Controverse over de voordelen van recycling borrelde op in 1996 toen columnist John Tierney poseerde in een New York Times Magazine artikel dat "recycling is afval."
“Verplichte recyclingprogramma's […] bieden vooral voordelen op korte termijn aan een paar groepen - politici, PR-adviseurs, milieuorganisaties en afvalverwerkingsbedrijven - terwijl ze geld afleiden van echte sociale en milieuproblemen. Recycling is misschien de meest verspillende activiteit in modern Amerika. ”
Milieugroepen hebben Tierney snel betwist over de voordelen van recycling, met name over de bewering dat recycling het energieverbruik en de vervuiling verdubbelde, terwijl de belastingbetaler meer geld kostte dan het weggooien van gewoon oud afval. De Natural Resources Defense Council en Environmental Defense, twee van de meest invloedrijke milieuorganisaties van het land, brachten elk rapporten uit met de voordelen van recycling.
Ze toonden aan hoe gemeentelijke recyclingprogramma's de vervuiling en het gebruik van virgin resources verminderen, terwijl de enorme hoeveelheid afval en de behoefte aan vuilstortplaats worden verminderd - alles voor minder, niet meer dan de kosten van het regelmatig ophalen en verwijderen van afval. Michael Shapiro, directeur van het Office of Solid Waste van het Amerikaanse Environmental Protection Agency, woog ook op de voordelen van recycling:
“Een goed uitgevoerd recyclingprogramma kan overal $ 50 tot meer dan $ 150 per ton kosten ... inzamelings- en verwijderingsprogramma's voor afval daarentegen, kosten ergens $ 70 tot meer dan $ 200 per ton. Dit toont aan dat, hoewel er nog ruimte is voor verbeteringen, recycling kosteneffectief kan zijn. "

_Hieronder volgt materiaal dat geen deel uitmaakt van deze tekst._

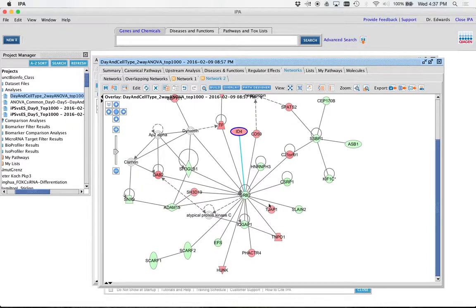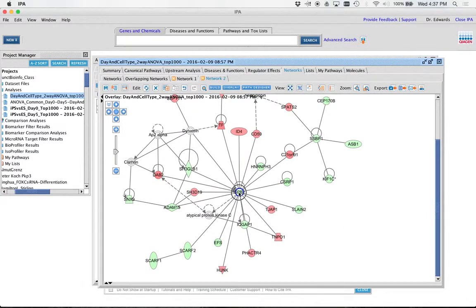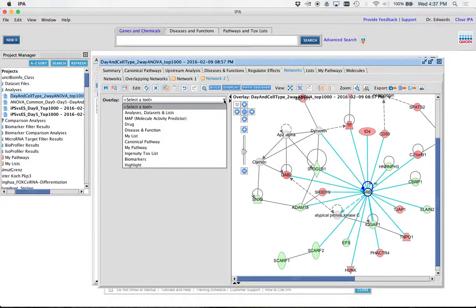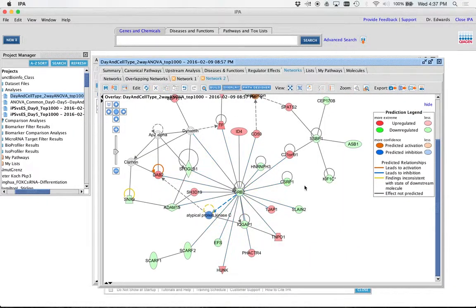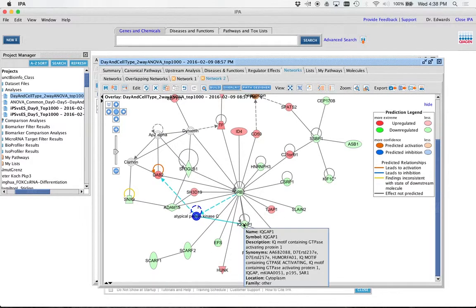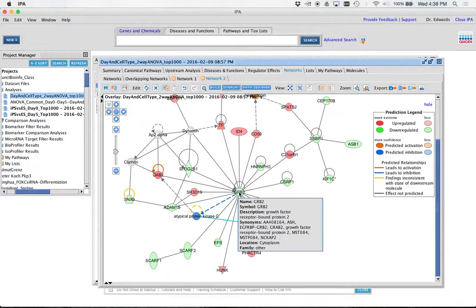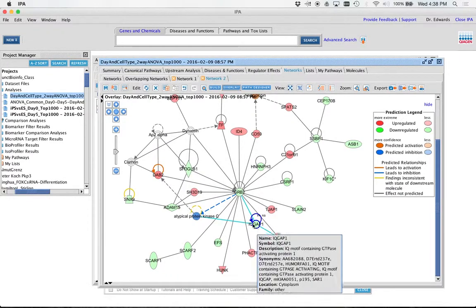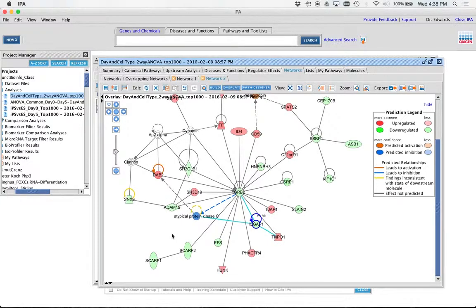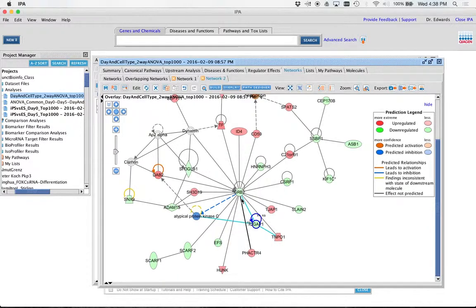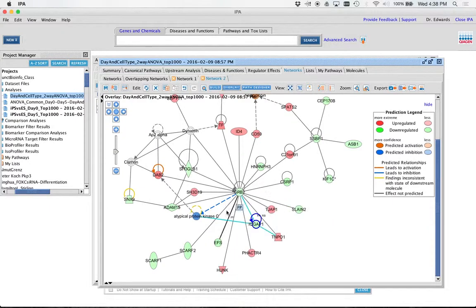Yeah. GRB2. Big time. I can even color this. Start prediction. There's a lot, it's binding a lot of things, and it's going down. It's also a growth factor receptor. What this is telling me is that in my embryonic stem cells, these things are much higher than our pluripotent. If I wanted to replicate maybe the embryonic state a little more, maybe I overexpress this in my cell type. Because look at all the things it affects.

Maar in 2002 ontdekte New York City, een vroege gemeentelijke pionier op het gebied van recycling, dat het veelgeprezen recyclingprogramma geld verloor, waardoor het recyclen van glas en plastic werd geëlimineerd. Volgens burgemeester Michael Bloomberg werden de voordelen van het recyclen van plastic en glas ruimschoots gecompenseerd door de prijsrecyclingkosten die tweemaal zo hoog waren als de verwijdering. Ondertussen betekende de lage vraag naar de materialen dat veel ervan toch op stortplaatsen terechtkwam, ondanks de beste bedoelingen.
Andere grote steden keken nauwlettend toe om te zien hoe New York City het deed met zijn teruggeschaalde programma (de stad stopte nooit met papierrecycling), klaar om misschien op de bandwagon te springen. Maar ondertussen heeft New York City zijn laatste stortplaats gesloten en hebben particuliere stortplaatsen de prijzen verhoogd vanwege de toegenomen werklast van het weghalen en weggooien van het afval van New York.
Als gevolg hiervan namen de voordelen van het recyclen van glas en plastic toe en werd het recyclen van glas en plastic weer economisch rendabel voor de stad. New York heeft het recyclingprogramma dienovereenkomstig hersteld, met een efficiënter systeem en meer gerenommeerde dienstverleners dan voorheen.
Volgens Chicago Reader columnist Cecil Adams, de lessen die in New York City zijn geleerd, zijn overal van toepassing.
“Enkele vroege recyclingprogramma's [...] voor afvalbronnen als gevolg van bureaucratische overhead en dubbele inzameling van afval (voor afval en opnieuw voor recyclebaar materiaal). Maar de situatie is verbeterd naarmate steden ervaring hebben opgedaan. ”
Adams zegt ook dat, indien correct beheerd, recyclingprogramma's steden (en belastingbetalers) minder zouden moeten kosten dan afvalverwijdering voor een gegeven equivalente hoeveelheid materiaal. Hoewel de voordelen van recycling boven verwijdering talrijk zijn, moeten personen er rekening mee houden dat het het milieu beter dient om "te verminderen en opnieuw te gebruiken" voordat recycling zelfs een optie wordt.